The United States is holding talks with Iraq and Turkey to drum up investment to restart Iraqi gas production and exports to Europe, a U.S. official said on Wednesday.
"It could be linked up to the (Azeri-Turkish) Baku-Erzerum pipeline," U.S. State Department Deputy Assistant Secretary Matthew Bryza told a conference in Baku. "The United States is hurrying to create the conditions in Iraq for investors to want to put money into restarting gas production there," he said.
Turkey, Iraq and the United States planned to continue talks on developing Iraq's energy sector, having held an earlier round of talks in March, he said."There are not yet any assessments of the investment needed for Iraq's gas infrastructure. But it will be necessary to invest in improving the existing gas infrastructure, even though there are problems guaranteeing its security," he said.
Azeri president Ilham Aliyev told the same conference on Tuesday his country will increase gas output to 16 billion cubic meters in 2008 from 12 bcm this year and start large-scale exports to Europe via the Baku-Erserum pipeline.

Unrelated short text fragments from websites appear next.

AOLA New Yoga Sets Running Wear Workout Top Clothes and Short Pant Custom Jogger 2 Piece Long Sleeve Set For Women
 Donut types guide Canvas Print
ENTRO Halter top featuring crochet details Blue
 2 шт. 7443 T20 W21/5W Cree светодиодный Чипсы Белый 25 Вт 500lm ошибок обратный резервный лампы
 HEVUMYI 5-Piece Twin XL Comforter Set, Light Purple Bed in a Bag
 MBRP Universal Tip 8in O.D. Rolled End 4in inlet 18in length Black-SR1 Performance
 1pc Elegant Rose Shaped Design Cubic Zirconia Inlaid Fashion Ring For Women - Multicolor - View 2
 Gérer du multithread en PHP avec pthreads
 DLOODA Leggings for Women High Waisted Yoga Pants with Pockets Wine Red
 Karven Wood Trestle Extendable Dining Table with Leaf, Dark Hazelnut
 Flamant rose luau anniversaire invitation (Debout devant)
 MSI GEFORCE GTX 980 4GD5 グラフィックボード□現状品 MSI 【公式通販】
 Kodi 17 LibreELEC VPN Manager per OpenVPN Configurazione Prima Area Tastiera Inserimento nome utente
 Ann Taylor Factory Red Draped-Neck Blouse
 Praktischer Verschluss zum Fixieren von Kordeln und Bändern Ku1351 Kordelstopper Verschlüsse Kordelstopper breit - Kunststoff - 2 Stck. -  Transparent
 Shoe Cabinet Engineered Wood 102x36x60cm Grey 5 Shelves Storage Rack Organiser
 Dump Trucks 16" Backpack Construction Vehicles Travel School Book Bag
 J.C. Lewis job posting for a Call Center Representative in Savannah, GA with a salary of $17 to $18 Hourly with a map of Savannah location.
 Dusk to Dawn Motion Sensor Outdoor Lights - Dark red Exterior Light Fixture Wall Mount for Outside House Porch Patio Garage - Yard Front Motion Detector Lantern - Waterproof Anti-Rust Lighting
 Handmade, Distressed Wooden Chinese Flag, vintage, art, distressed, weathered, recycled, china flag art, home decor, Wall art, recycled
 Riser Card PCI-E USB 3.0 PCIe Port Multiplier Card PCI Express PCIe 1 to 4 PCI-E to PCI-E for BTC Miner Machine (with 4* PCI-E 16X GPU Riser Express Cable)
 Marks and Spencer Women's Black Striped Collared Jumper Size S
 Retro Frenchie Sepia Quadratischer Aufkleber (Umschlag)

The pipeline will get most of its volumes from the giant Azeri Shah-Deniz field on the Caspian Sea, operated by BP and Norway's Statoil and involving Russia's LUKOIL, France's Total and Iranian and Turkish state oil firms.
Channelling Iraqi gas through the pipeline would add a new source of gas to Europe's supply mix and weaken the dominance of Russian gas monopoly Gazprom, which will increase its 25 percent share of the European market in decades to come.
It could also provide gas for the Nabucco pipeline, European project which is under threat because of Gazprom's boycott and Russia's control of gas flows from Central Asia.
TURKEY'S CHOICE
But an energy official in Ankara said Turkey favored an alternative route to the Baku-Tbilisi-Erzurum (BTE) line. "Exporting Iraqi gas via the BTE would be a very difficult, problematic and expensive project. Instead of this line, Iraqi gas could be linked to the pipeline via Diyarbakir or Siirt," the energy ministry official said.If Turkey's envisaged project materializes there will just be a distance of 130 km (81 miles) from the Iraqi border," he said.
An industry source told Reuters in March that Turkish firms TPAO, Botas and Tekfen and Royal Dutch Shell had set up a consortium to bid for a gas production license in Iraq and build Turkey's favored alternative pipeline to its Mediterranean oil port Ceyhan.
Turkey has a complex relationship with the mainly Kurdish north of Iraq. Its army generals and politicians have sometimes threatened to take military action to crush separatist Turkish Kurdish rebels hiding in the mountains there.
More than 600 Turkish firms operate in northern Iraq. Analysts say Turkish exports to the Kurdish government there, including fuel, totaled about $5 billion in 2006.